# Last ditch attempt at pairing Basil with a friend



## Baby British (Jan 24, 2010)

I got Basil at the beginning of the year. It was the usual story of the previous owners kids getting bored of him and wanting rid  He came to me in a tiny maggot infested hutch and wasn't a huge fan of people (unsurprisingly). 

Thankfully a lot has changed for Basil in the months since he came here. He has a new clean spacious cage, fresh greens everyday & cuddles a plenty that he has learned to love. Unfortunately one thing is still missing......... a friend to share his new life with.

At the time Basil came to live with us I had just got two other baby guinea babies Ozzy & Casper. I immediately bought a third from the litter, another boar, as a friend for Basil. Unfortunately the pairing wasn't meant to be and I ended up having to put the baby boar in with his two brothers. They lived happily as a trio for a time but eventually 3 proved to be a crowd and I had to separate the third boy into a cage on his own. 

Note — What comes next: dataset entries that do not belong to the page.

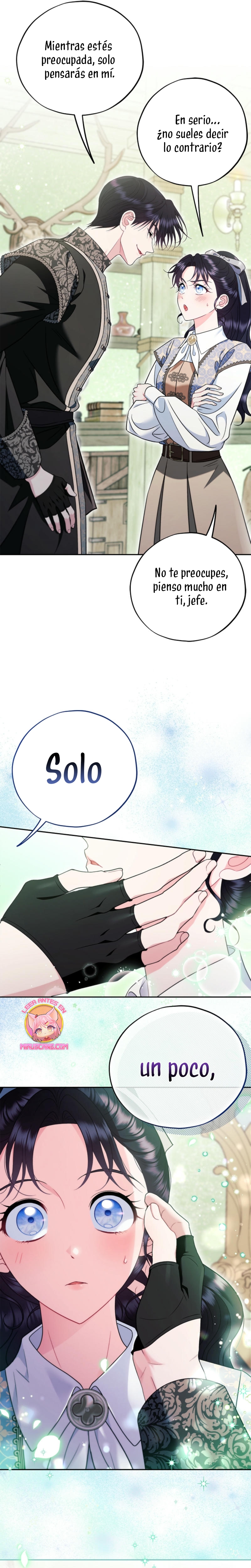 Me convertí en la detectora de veneno del Villano Capítulo 72 - Page 33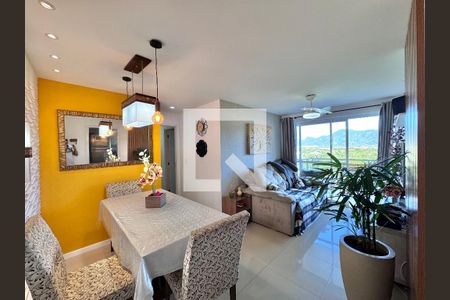 Sala de apartamento à venda com 3 quartos, 86m² em Recreio dos Bandeirantes, Rio de Janeiro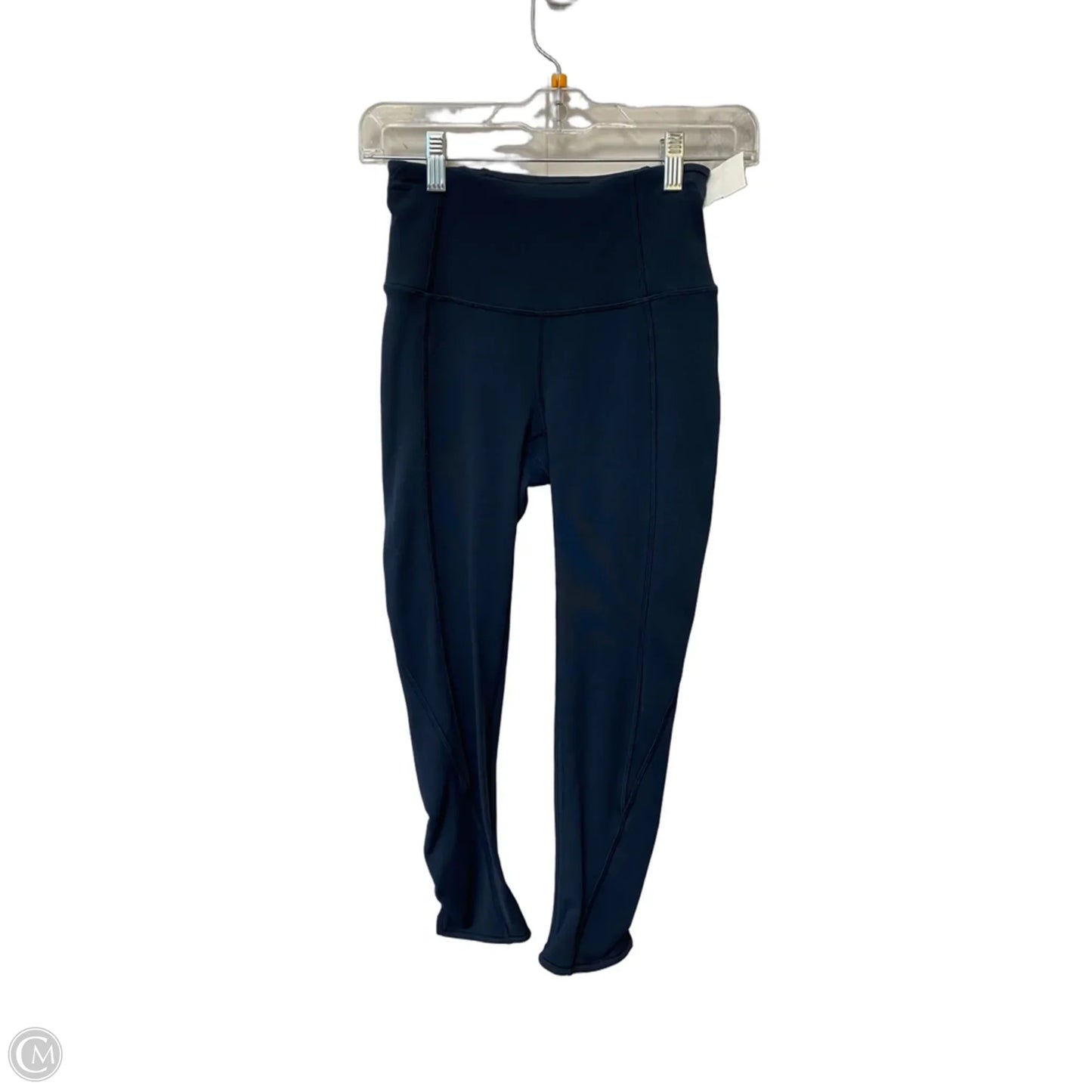 Athletic Leggings By Lululemon In Blue, Size: 2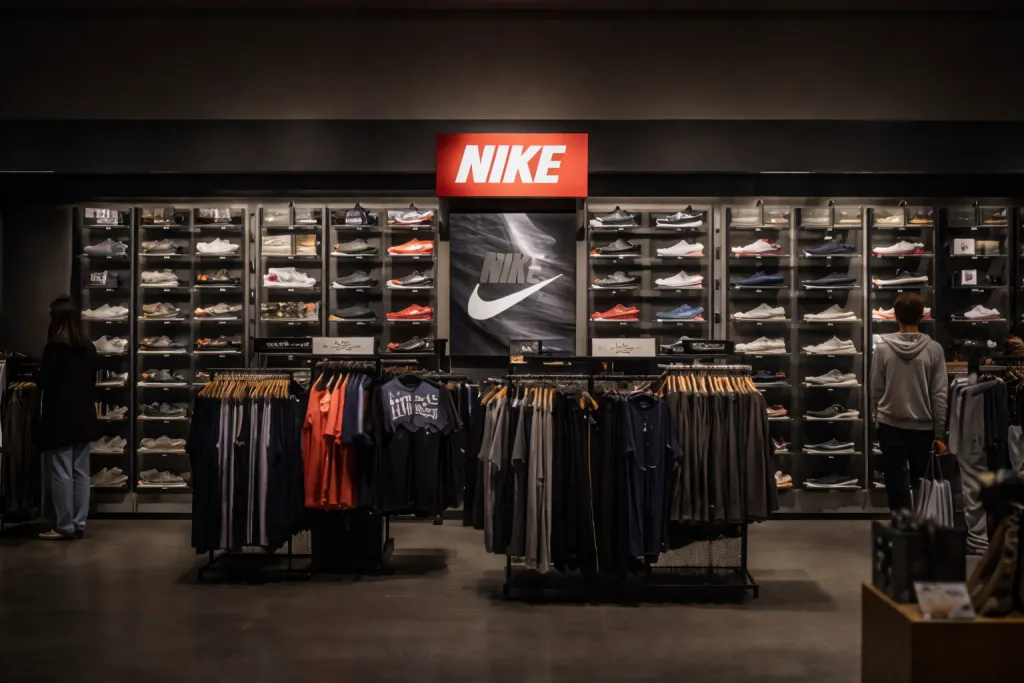 Nike Retail Brand Placement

A few weeks ago I was contacted by a lady looking for a male to pair with her lonely female. The female hadn't taken to living with other sows and so as a last ditch attempt the lady wanted to try her with a boar. I was a tad skeptical as my boy hadn't got along with his littermates & I knew that castration doesn't affect temperament. I agreed that she could take my third boy and have him neutered before trying him with her girl on the condition that he was returned to me if it didn't work out. As it turns out there is no need as the two are getting along great!

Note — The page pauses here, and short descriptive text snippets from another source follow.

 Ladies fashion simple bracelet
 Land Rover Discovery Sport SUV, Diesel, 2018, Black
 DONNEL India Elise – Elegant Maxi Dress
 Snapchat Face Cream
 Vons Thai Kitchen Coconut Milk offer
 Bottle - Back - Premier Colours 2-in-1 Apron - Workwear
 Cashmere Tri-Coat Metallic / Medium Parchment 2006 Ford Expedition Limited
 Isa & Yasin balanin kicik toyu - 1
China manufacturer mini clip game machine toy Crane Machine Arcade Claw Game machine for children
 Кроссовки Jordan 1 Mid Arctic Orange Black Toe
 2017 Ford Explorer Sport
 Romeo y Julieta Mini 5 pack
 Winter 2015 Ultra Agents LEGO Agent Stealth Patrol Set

Basil has been on his own (albeit in a cage side by side with the others) since the unsuccessful pairing with the young boar. Recent events have got me thinking however that all may not be lost for the old chap after all. Today I have booked him in for next week to have his nads off and fingers crossed a new lady pig will be coming to live here on Saturday (albeit in her own cage until Basil has had his op and taken a few weeks to ensure it has worked!)

Fingers, toes & everything crossed that love will be in the air at long last for my lovely boy Basil :thumbup:


----------



## emzybabe (Jun 30, 2009)

fingers crossed for him i know its not so simple in piggies with them being so close to the ground. Are they indoor piggies? Ive never met a boy thats not taken straight away to a girl pig


----------